The dynamic and thermodynamic fields simulated by ACCESS are then compared with ERA-Interim data, showing that the vertical velocity over the TP is stronger than in ERA-Interim, especially on the TP's southern slope. The strong vertical velocity brings more water vapor to higher levels, resulting in more cloud at high levels and less cumulus cloud at middle levels. This suggests that the effects of topography and the boundary layer scheme in the ACCESS model may need to be adjusted in the TP region to reduce the lifting effect.
The surface radiation fields generated by ACCESS are evaluated against the same variables estimated from satellite measurements, while the sensible and latent heat fluxes are compared with ERA-Interim. The results show that the model overestimates the surface net solar radiation, sensible and latent heat fluxes, which may be a possible cause for the strong convection over the TP. The modeled precipitation is evaluated using three observational datasets estimated from satellites, revealing that the ACCESS model also overestimates precipitation along the southern slope and western and northwestern parts of the TP, especially for convective precipitation.
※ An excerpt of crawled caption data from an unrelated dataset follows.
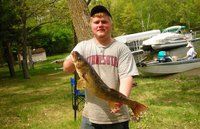 Micah Tuttle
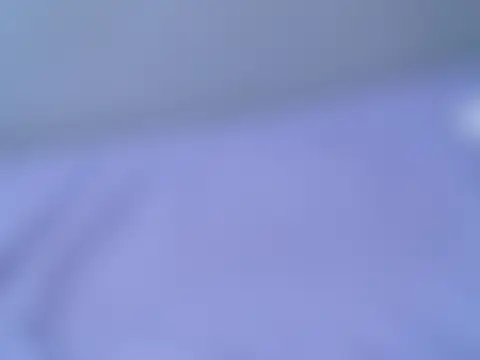 femaqueen's Live XXX Chat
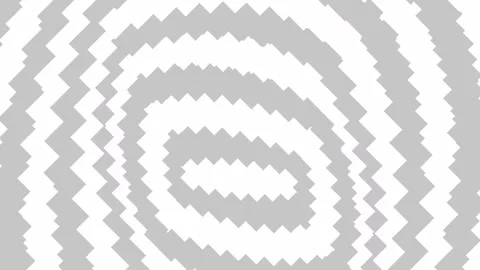 Black pattern. Stock Footage 310120387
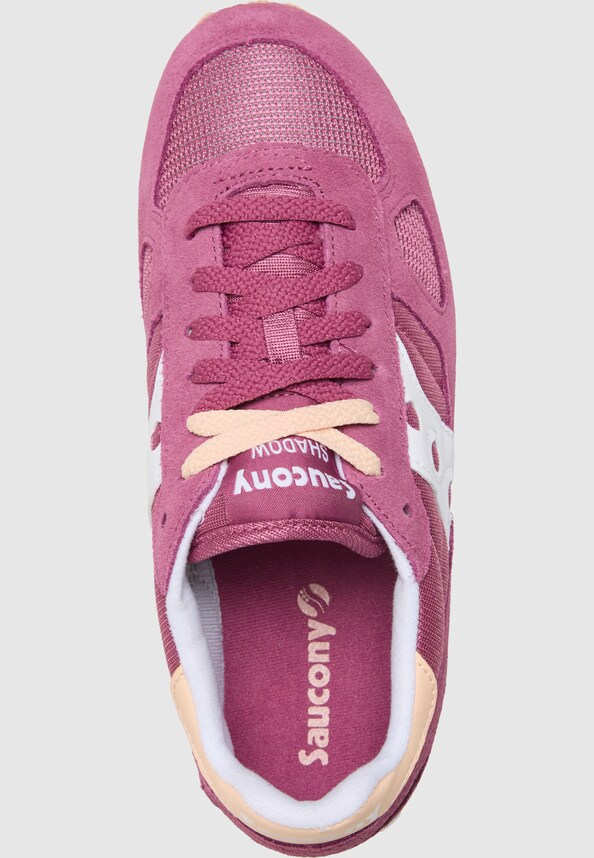 Saucony Shadow Original Schuhe-4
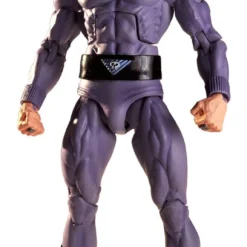 NECA - King Features Defenders Of The Earth Series 1 Set Of 3 - 7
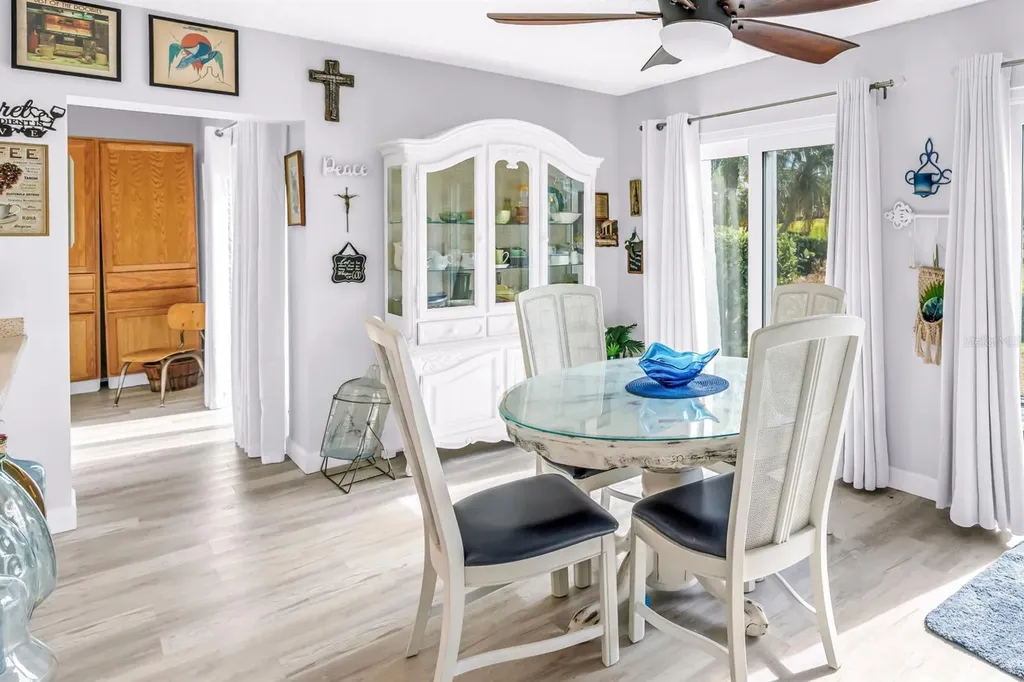 1655 S Highland Avenue Clearwater FL 33756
The model biases over the TP region explored in this study raise an unclear issue of positive feedback, i.e., whether the surface forcing produces convection that is too strong and leads to the incorrect vertical cloud structure, or it is the vertical cloud distribution that results in the incorrect surface radiative forcing. To answer this question, we intend to conduct some sensitivity studies to test the effects of some critical physical processes, such as convection, topography, and boundary conditions. Due to the complex topography in this area, especially along the south slope of the TP, the effect of model resolution may also have an important impact. These sensitivity studies will be conducted in the near future using the ACCESS city-scale model, with a relatively high spatial resolution.